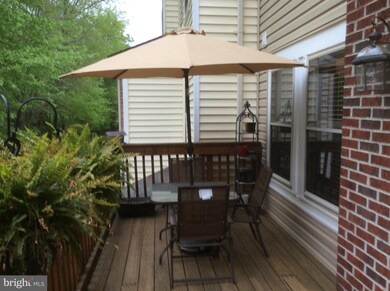 4119 Churchman Way unit 1, Woodbridge, VA 22192 - photo 2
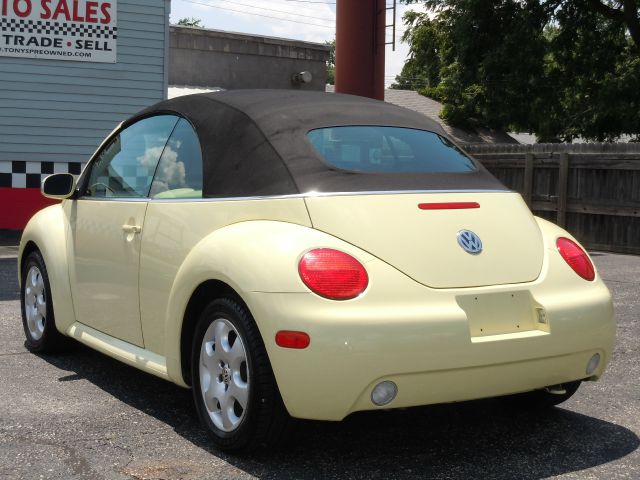 2003 Volkswagen New Beetle 2500 Extended Cab 4WD SLT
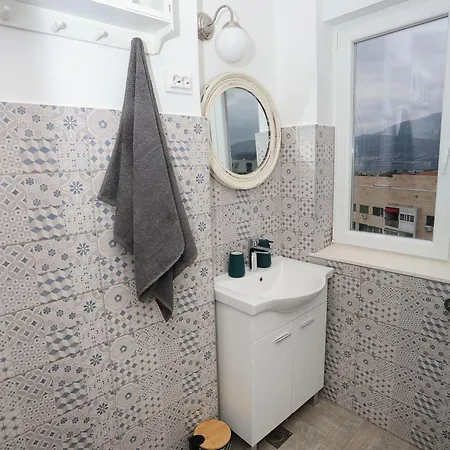 아파트 Sunsetview With Balcony 스플리트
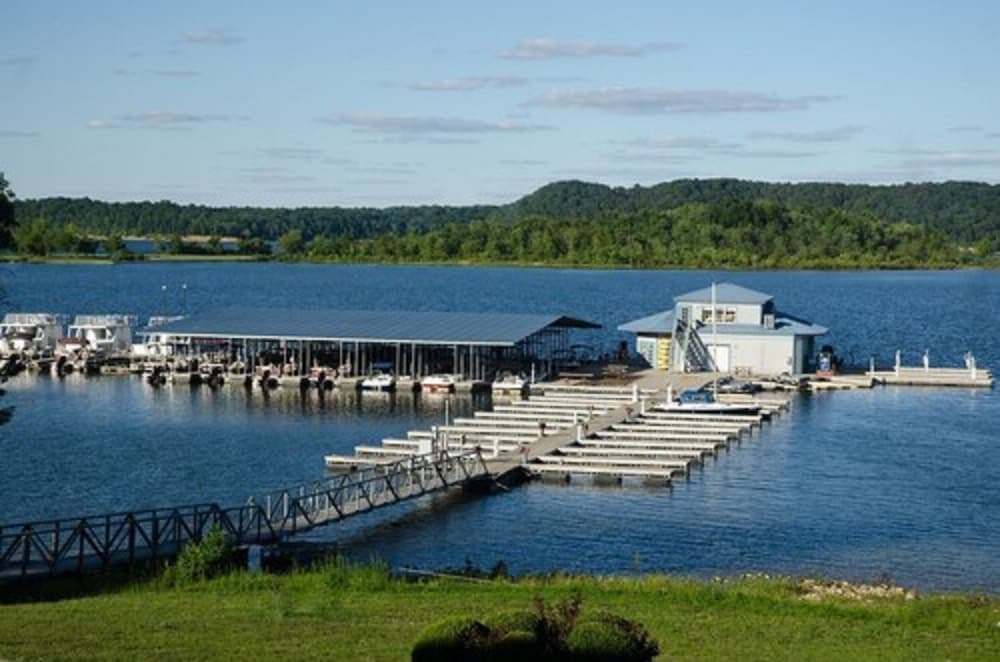 Fourwinds Lakeside Inn & Marina gallery photo in Bloomington, IN — image 29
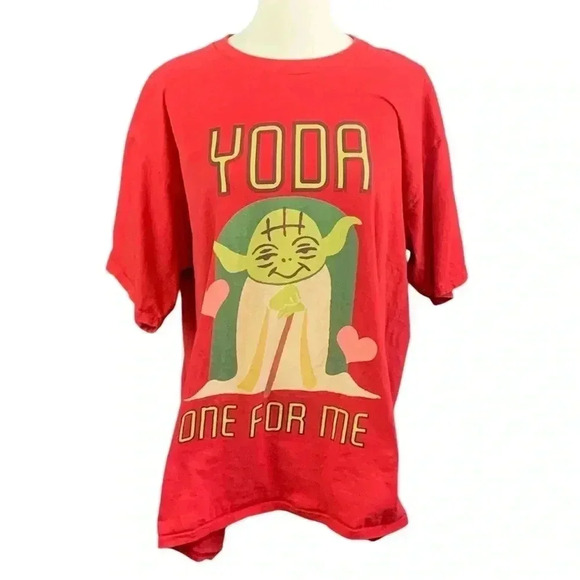 Star Wars Graphic Tee with‎ Yoda - Picture 1 of 2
--
Task details =
All the records above need to be given again word for word. Skip the pictures.

Written response =
 4119 Churchman Way unit 1, Woodbridge, VA 22192 - photo 2
 2003 Volkswagen New Beetle 2500 Extended Cab 4WD SLT
 아파트 Sunsetview With Balcony 스플리트
 Fourwinds Lakeside Inn & Marina gallery photo in Bloomington, IN — image 29
 Star Wars Graphic Tee with‎ Yoda - Picture 1 of 2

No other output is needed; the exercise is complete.